The ordeal started on Nov. 20 when a court officer spotted Emma Coronel Aispuro using a cellphone in the courthouse, which she was not allowed to do. The U.S. Marshals Service then informed the court of the incident and added that they have observed her bringing four other cellphones into the courtroom and actively using them during the trial, according to the judge’s order.

In sidebar, Colon Miro explained that another defense attorney, Michael Lambert, gave El Chapo’s wife his phone to use Google Translate in the cafeteria, the judge’s order said.

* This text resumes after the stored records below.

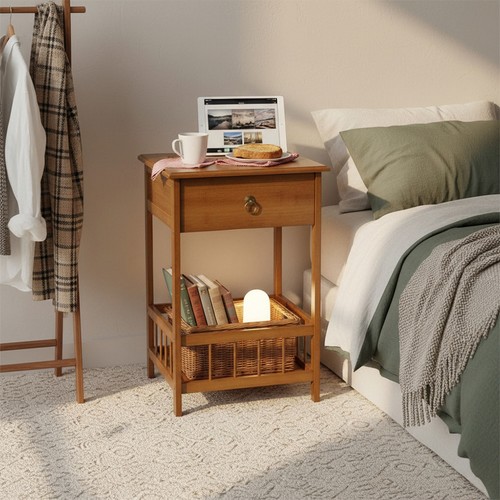 Small bamboo bedside drawer - small,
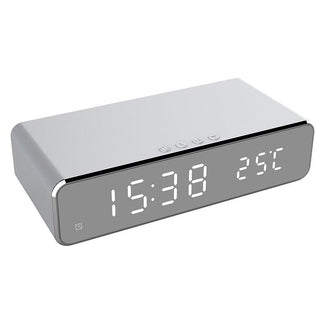 New Electric LED Alarm Clock With Mobile Phone Wireless Charger HD Clock Digital Alarm Clock with Wireless Charging 3 Alarms LED Display Sound Control and Snooze Dual for Bedroom Bedside Office Mirror With Time Memory Digital Thermometer Clock Stevvex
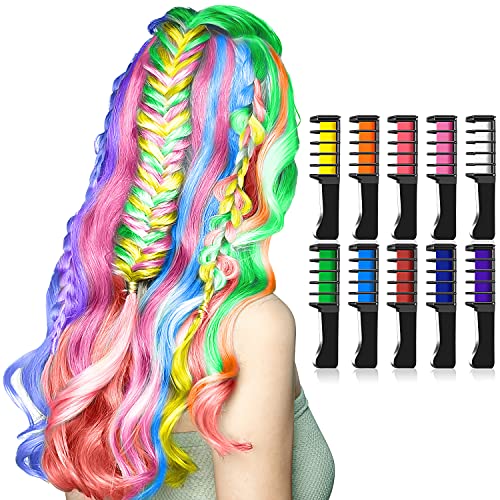 Haarkreide für Mädchen, Kastiny 10 Stück Haarfarbe Kamm, Temporär Haarfarbe Kreide Kamm für Kinder Haarfärbemittel, Party und Cosplay, mit 4 Glitzertuben & 32 Schablonen von Kastiny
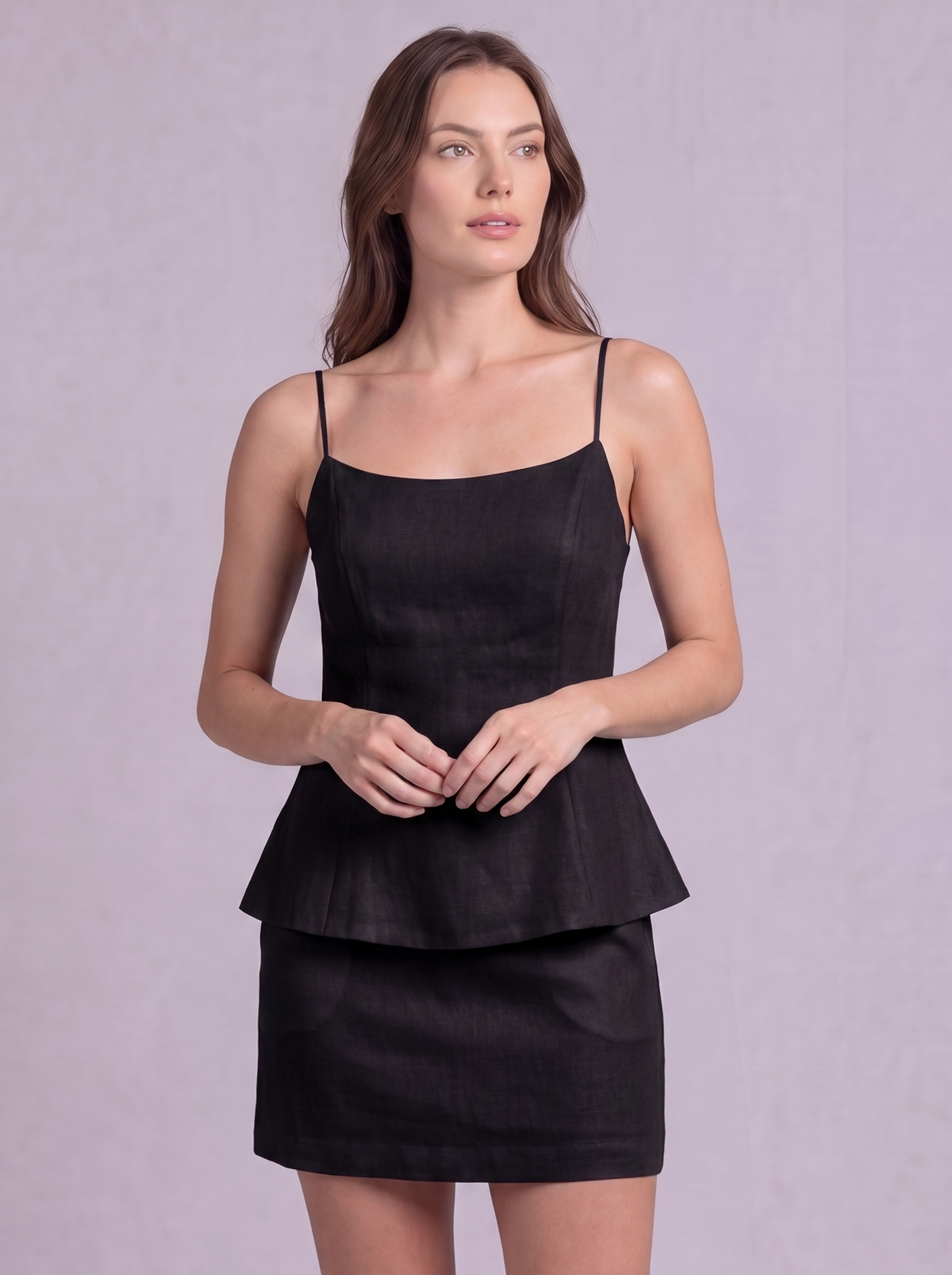 Linen Cotton Double Layer Cami Top & Mini Skirt Co-ord in Black
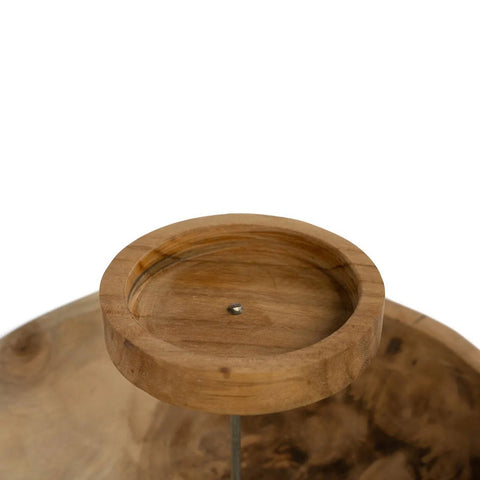 Portacandele a Piatto in Legno Naturale (Ø 29 cm)
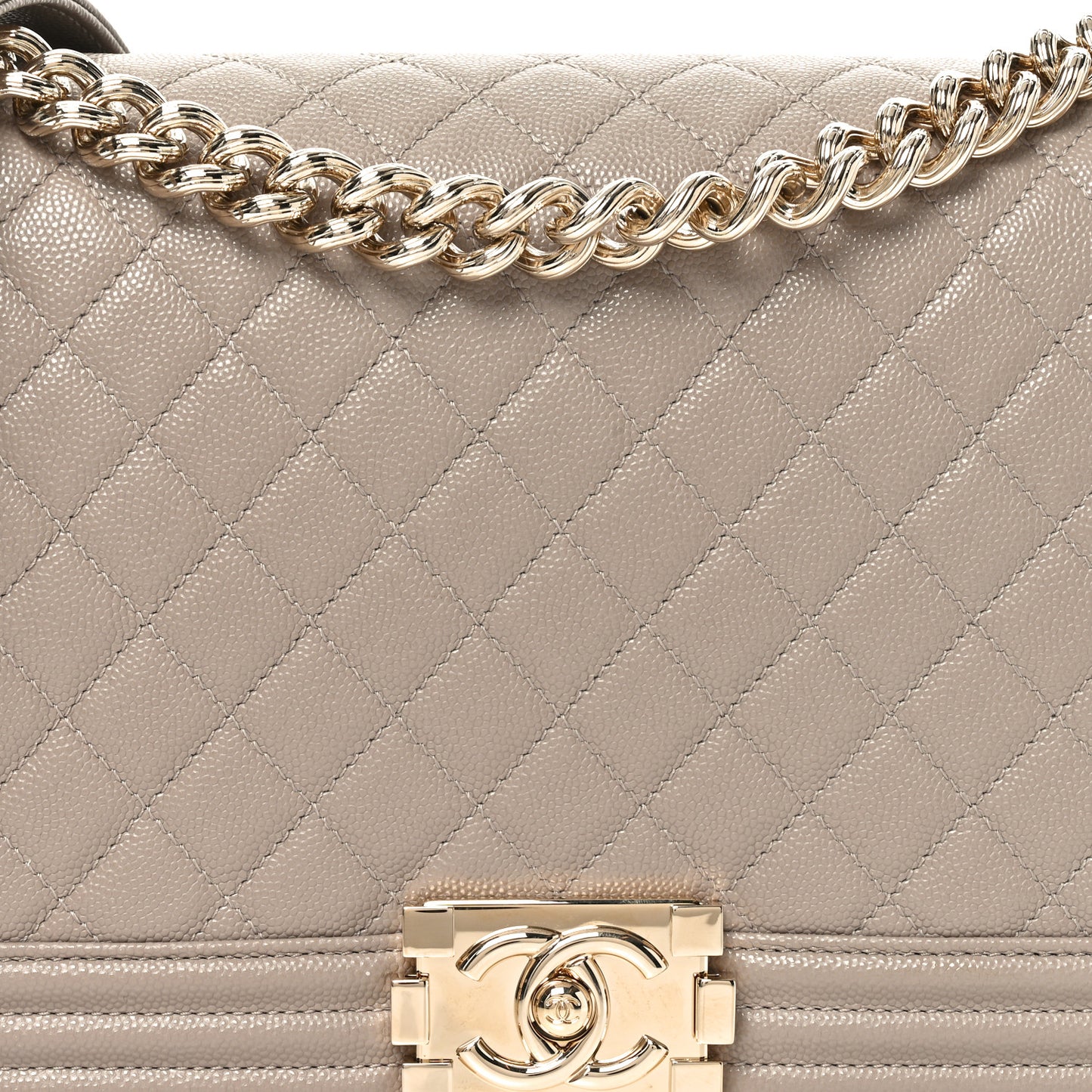 Caviar Quilted New Medium Boy Flap Dark Beige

The government then reviewed security footage from the courthouse and found that El Chapo’s wife had used a cellphone in the courthouse on Nov. 19 when she was alone, without defense attorneys nearby. Their explanations did not appease judge Cogan due to their inconsistencies.

“Defense counsel may not have any knowledge of how Ms. Coronel obtained a cellphone or why she was using it on Nov. 19th and 20th, 2018,” Cogan wrote. “But if that were true, the court does not understand why defense counsel did not just say so, and their omissions reflect poorly on them. Their failure to appreciate the seriousness of this issue is naïve at best.”

While Colon Miro may not bring a cellphone into the courthouse again, no actions were taken against El Chapo’s wife as prosecutors were forced to modify their original motion due to lack of evidence that she was contacting Guzman as prosecutors initially alleged.

The trial for the alleged drug kingpin is in its second month. Due to the high profile of the case, extra security measures have been in place throughout the trial. Magnetometers have been placed immediately outside the courtroom, people are banned from bringing electronics inside, and precautions have been taken to ensure the anonymity of the jurors and even some testifying witnesses.

Guzman is the alleged former head of the Sinaloa drug cartel. He’s been charged with using violence and intimidation to export thousands of pounds worth of drugs into the U.S. including in the Eastern District of New York where he is being tried. As part of the extradition agreement with Mexico, U.S. prosecutors cannot seek the death penalty.